Dataset entries
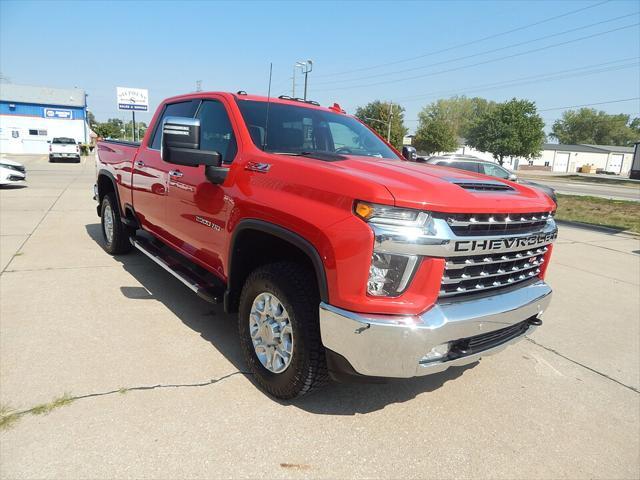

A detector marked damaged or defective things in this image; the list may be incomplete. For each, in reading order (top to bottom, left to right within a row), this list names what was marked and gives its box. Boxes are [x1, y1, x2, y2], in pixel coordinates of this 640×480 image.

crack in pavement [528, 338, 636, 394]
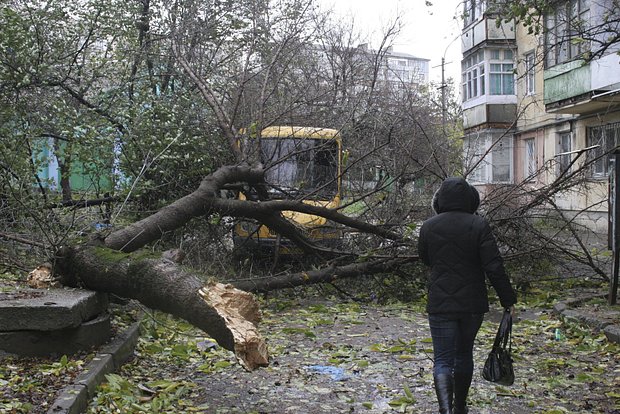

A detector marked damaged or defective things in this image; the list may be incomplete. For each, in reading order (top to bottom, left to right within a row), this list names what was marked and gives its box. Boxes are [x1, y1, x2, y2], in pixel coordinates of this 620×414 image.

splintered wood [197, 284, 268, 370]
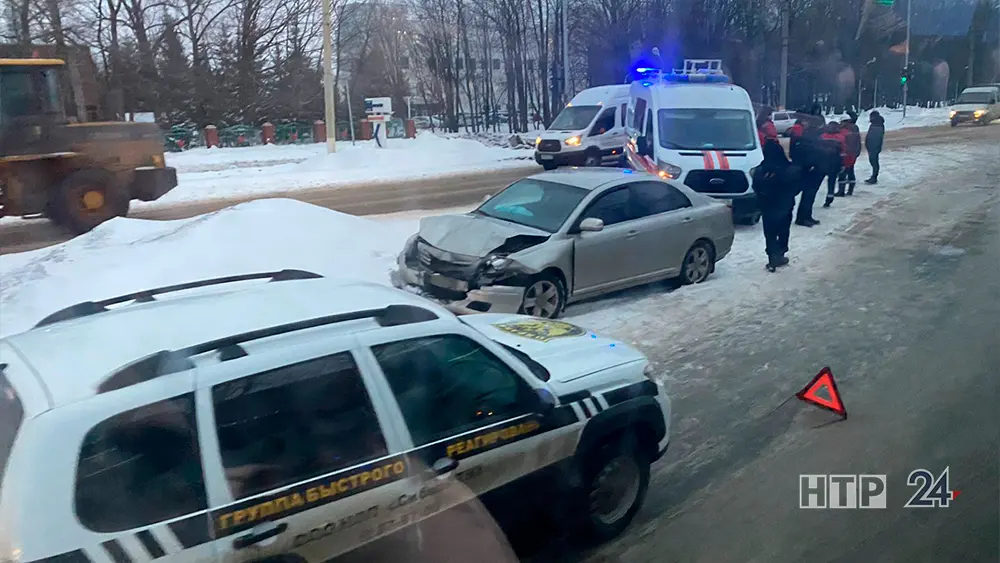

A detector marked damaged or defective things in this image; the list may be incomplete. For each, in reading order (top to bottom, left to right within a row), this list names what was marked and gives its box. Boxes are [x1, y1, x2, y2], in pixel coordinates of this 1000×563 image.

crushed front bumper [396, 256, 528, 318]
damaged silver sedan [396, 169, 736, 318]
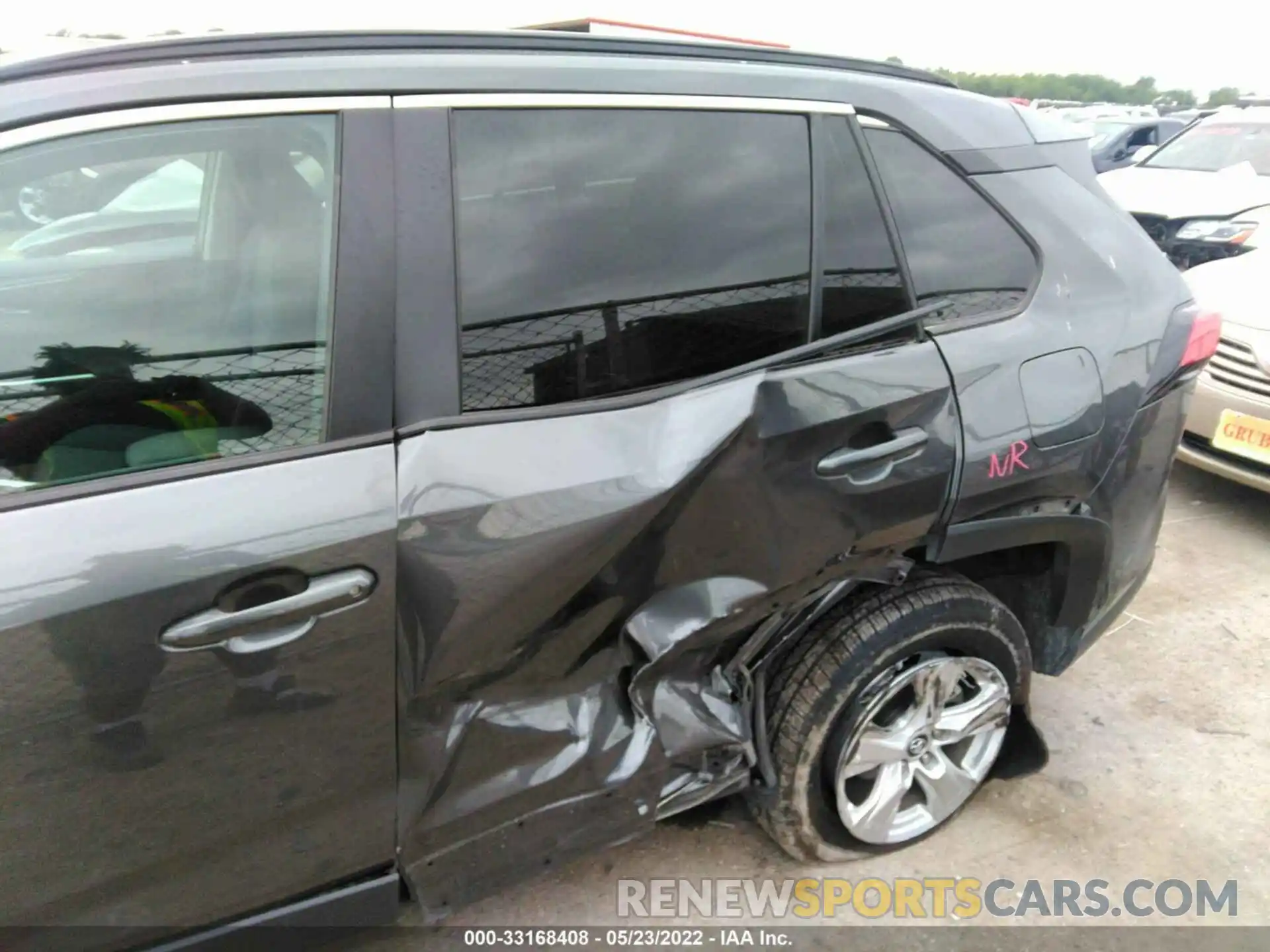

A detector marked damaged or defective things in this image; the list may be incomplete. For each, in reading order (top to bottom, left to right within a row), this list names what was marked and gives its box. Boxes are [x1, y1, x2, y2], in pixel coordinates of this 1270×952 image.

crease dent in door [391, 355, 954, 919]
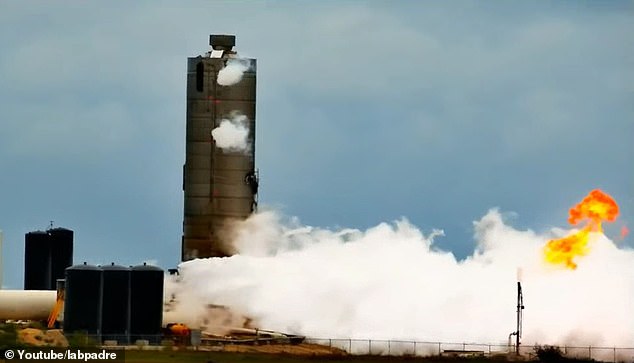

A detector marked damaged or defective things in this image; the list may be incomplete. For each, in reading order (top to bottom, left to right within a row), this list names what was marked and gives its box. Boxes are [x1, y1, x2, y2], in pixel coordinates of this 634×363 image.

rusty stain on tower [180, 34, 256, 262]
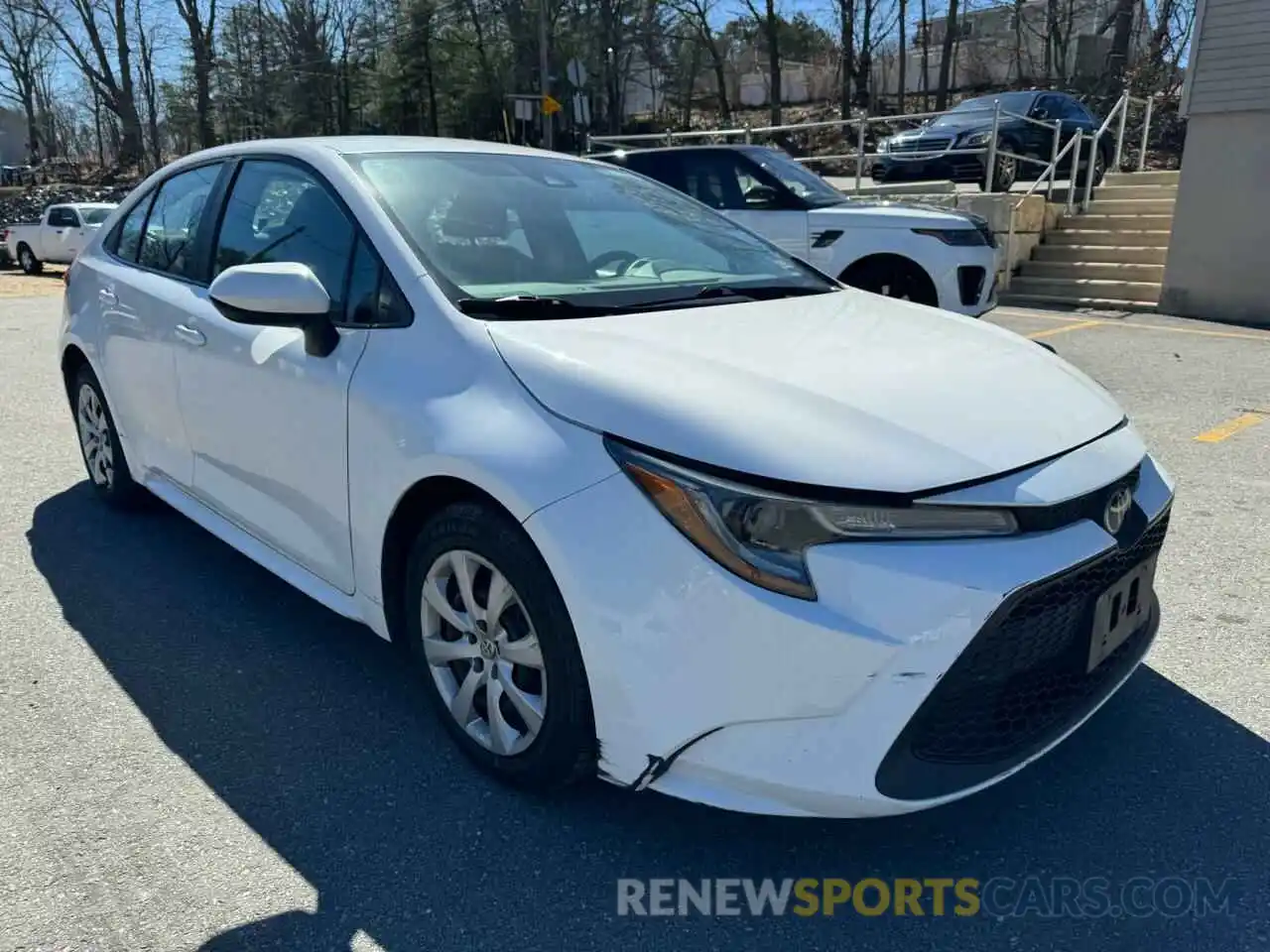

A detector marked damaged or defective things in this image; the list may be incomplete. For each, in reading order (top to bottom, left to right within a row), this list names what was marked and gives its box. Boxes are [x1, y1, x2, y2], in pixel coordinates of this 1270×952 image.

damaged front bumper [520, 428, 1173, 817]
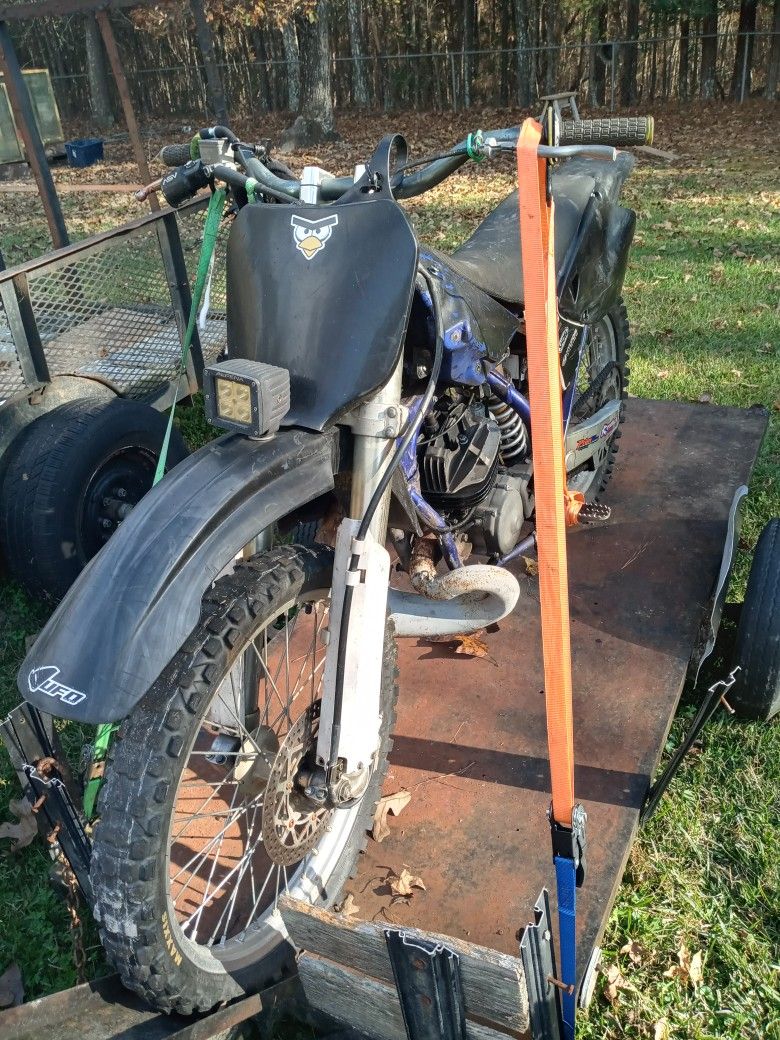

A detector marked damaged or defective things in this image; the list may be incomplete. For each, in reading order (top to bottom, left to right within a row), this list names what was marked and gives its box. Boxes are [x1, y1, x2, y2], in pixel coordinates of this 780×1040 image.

* [TASK]
In the copy, leave out the pictures and restate the records exactly.

* [FINISHED EXERCISE]
A detector marked damaged or defective things in this image; the list may be incomplete. For each, in reading order (top to bottom, left to right within a row), this list names what was marked and gives its box. Boxes are [x1, y1, x2, y2], in pixel coordinates of this 640×480 image.

crack in pavement [528, 338, 636, 394]

A detector marked damaged or defective things in this image; the list may be incomplete. For each, in reading order (top to bottom, left to right within a row), this list names what was marked and gives its box. Boxes are [x1, y1, x2, y2], in pixel coordinates of this 620×414 image.

splintered wood [197, 284, 268, 370]

A detector marked damaged or defective things in this image; the list may be incomplete. For each, in reading order (top to bottom, left to right within a row), this list names what was marked and gives its box. Boxes are [x1, y1, x2, y2], in pixel coordinates of this 1000×563 image.

crushed front bumper [396, 256, 528, 318]
damaged silver sedan [396, 169, 736, 318]

A detector marked damaged or defective things in this image; the list may be incomplete. For each, in reading order (top to bottom, left to right within a row), this list names what was marked and gives its box. Boxes are [x1, y1, x2, y2], in pixel coordinates of this 1270×952 image.

crease dent in door [391, 355, 954, 919]

A detector marked damaged or defective things in this image; the list may be incomplete. For each, in reading order (top to bottom, left to right within a row), this list names what was marked and gives its box. Boxes are [x1, y1, x2, y2], in pixel coordinates of this 634×363 image.

rusty stain on tower [180, 34, 256, 262]

A detector marked damaged or defective things in this image; the list may be incomplete. For each, in reading order (top to bottom, left to right within a row), this list names what was marked and gives its box. Boxes are [x1, y1, x2, y2], in pixel coordinates of this 1270×952 image.

damaged front bumper [520, 428, 1173, 817]

A detector marked damaged or defective things in this image; the list may be incomplete. For each, in reading order (top to bottom, left to right within a row), this list names what was marked and gives its box. Boxes are [x1, y1, x2, y2], in pixel coordinates of this 780×1040 image.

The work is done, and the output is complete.